Still, Still, Still

It was unusually quiet when the dog and I walked this morning.  Scarcely any vehicles on the roads.  No snow on the ground or reliable ice on the pond, so no kids building snowmen or sledding or skating or even just generally whooping it up.  The lack of snow underfoot meant no creaks or squeaks with the dog’s and my footfalls.  The leaves and random bits of undergrowth that twined in his fur were old and sodden and made no noise.  We made our way in companionable silence.

     My friend Janice is quite taken with that term, she told me once on our way to somewhere together.  It’s a comfortable quiet, rooted in ease and long acquaintance.  No words may pass between you for a while, but any words you’d care to speak would be welcome and acceptable.  It is enough just to be in each other’s company.

     Daughter Number Four came for Christmas.  We chatted, of course, but said nothing of great import.  We put together a Christmas puzzle and watched The Bishop’s Wife. We were in our own little family bubble and happy to be there, content and with people we love.

     D#4 asked at one point, apropos of internal soundtracks, if I ever had a line from a song pass through my mind that wasn’t the opening line, and had to work my way back to the beginning to figure out what the song was.  Absolutely.  All the time.  Our minds seem to pop up what we need to hear, and it’s up to us to trace it back to its origins and follow it through to the end.

     It had just happened to her with a line from “Angels We Have Heard on High,” she reported.  From there, the conversation moved to preferred pronunciations of “in excelsis Deo.”  And shortly we were listening to how the King’s Singers and the Tabernacle Choir dealt with excelsis.  And the groups’ versions of other Christmas music, and other groups’ versions as well. 

     A recording of a John Rutter album, conducted by John Rutter, led at length to my husband’s glancing up from his book and asking, “Are you just playing the same song over and over?  It all sounds the same.”  We laughed and explained and moved on to non-Rutter recordings.  After a few more comments, my beloved went back to reading.  We were content together.

     As Rascal and I walked this morning, in the unusual quiet, I mused also on the stillness you have with yourself.  It may or may not be pleasant in your own little bubble, as you muse on happy memories or ponder what must be pondered.  One of the ministers at our church, in her benediction after a service, urges quiet, “for God may speak in a whisper.”

     Now is when we remember all the Christmas Eve services in Carol’s little church, a company of the faithful gathered in the northern Michigan cold and darkness to mark the birth of a baby, listening to the familiar words and singing the familiar carols, as our daughter plays the organ and moves yet another minister to tears with an achingly beautiful solo during the quiet of communion. 

     When D#4’s selection of Christmas music during her recent visit yielded “Still, Still, Still,” we remembered another night, when she was in high school.  Her choir had been invited to perform at the City Club one evening of the Christmas season.  The weather was intense, the kind of winter terrible where everyone in the car is quiet so the driver can hear what the tires are doing on the road, and everyone exhales when arriving safely at the destination.

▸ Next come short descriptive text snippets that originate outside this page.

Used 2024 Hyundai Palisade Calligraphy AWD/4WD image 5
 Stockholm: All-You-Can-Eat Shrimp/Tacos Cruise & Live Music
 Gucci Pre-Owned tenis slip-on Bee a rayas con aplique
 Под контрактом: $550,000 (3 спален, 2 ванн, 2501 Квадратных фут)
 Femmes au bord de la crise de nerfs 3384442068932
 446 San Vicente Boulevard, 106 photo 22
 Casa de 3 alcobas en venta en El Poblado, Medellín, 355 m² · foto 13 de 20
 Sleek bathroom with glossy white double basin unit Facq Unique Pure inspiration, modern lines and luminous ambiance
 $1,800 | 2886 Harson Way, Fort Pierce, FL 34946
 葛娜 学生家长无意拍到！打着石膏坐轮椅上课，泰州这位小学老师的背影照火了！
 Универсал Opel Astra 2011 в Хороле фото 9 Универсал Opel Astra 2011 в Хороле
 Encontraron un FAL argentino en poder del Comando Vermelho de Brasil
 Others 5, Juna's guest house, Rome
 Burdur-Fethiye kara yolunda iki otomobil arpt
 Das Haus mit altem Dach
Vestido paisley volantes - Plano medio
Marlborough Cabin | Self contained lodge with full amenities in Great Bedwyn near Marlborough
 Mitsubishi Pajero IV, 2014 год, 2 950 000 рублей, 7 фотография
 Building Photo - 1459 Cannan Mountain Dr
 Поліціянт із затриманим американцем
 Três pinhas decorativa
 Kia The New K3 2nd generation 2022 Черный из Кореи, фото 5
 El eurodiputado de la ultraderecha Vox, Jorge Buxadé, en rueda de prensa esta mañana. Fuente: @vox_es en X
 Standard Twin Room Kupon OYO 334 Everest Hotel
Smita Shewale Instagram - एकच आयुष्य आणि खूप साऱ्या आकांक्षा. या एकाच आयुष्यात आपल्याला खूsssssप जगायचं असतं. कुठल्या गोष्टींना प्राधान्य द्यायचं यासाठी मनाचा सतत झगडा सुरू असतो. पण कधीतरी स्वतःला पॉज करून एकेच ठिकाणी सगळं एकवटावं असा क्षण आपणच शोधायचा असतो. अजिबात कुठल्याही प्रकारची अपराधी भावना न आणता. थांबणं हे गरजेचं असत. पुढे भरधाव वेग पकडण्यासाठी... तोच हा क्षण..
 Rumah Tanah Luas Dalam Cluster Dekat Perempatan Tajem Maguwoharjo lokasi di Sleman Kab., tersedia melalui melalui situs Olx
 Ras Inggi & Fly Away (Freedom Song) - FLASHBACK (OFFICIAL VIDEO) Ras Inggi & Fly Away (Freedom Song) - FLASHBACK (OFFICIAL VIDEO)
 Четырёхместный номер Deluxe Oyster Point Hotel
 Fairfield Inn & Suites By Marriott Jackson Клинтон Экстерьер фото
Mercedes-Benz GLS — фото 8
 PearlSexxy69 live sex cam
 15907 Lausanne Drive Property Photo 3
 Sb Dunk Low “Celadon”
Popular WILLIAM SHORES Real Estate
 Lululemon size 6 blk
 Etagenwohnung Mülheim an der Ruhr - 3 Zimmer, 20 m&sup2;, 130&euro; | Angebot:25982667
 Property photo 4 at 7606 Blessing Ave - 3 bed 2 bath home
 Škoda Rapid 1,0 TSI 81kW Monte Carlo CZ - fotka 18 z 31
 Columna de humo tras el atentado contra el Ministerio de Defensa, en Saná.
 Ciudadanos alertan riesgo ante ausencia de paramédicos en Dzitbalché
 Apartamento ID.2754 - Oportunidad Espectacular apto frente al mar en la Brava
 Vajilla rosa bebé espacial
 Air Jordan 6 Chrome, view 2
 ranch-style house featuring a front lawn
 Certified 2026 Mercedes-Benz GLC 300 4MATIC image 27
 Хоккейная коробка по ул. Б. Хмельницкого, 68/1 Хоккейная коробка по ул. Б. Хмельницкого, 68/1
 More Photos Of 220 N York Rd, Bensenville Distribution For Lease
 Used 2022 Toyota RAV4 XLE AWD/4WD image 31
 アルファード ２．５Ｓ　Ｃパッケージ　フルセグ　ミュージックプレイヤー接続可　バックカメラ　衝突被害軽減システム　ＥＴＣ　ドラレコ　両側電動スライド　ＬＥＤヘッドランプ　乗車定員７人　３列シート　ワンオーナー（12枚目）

     The parents and audience watched and listened as the kids sang together, a light in the darkness.  The piece the three of us remember above all others was, “Still, Still, Still.”  The lyrics continued, “you can hear the falling snow,” and we could.  The kids sang us a bubble, and we were all inside it with them, and no one, audience or performer, would ever be quite the same.

     The performers remember another side of that evening as well.  Unknown to us, the young people so close together on the City Club’s little stage were, quite literally, clinging to one another.  They had their hands gripped to the backs of each other’s uniforms.  The stage was too small for the group, and hanging on was the kids’ only way to keep each other from falling off the stage.  Depending entirely on each other, they produced the most beautiful bit of singing I’ve ever heard.

     I wish you stillness this Christmas.  Still, still, still.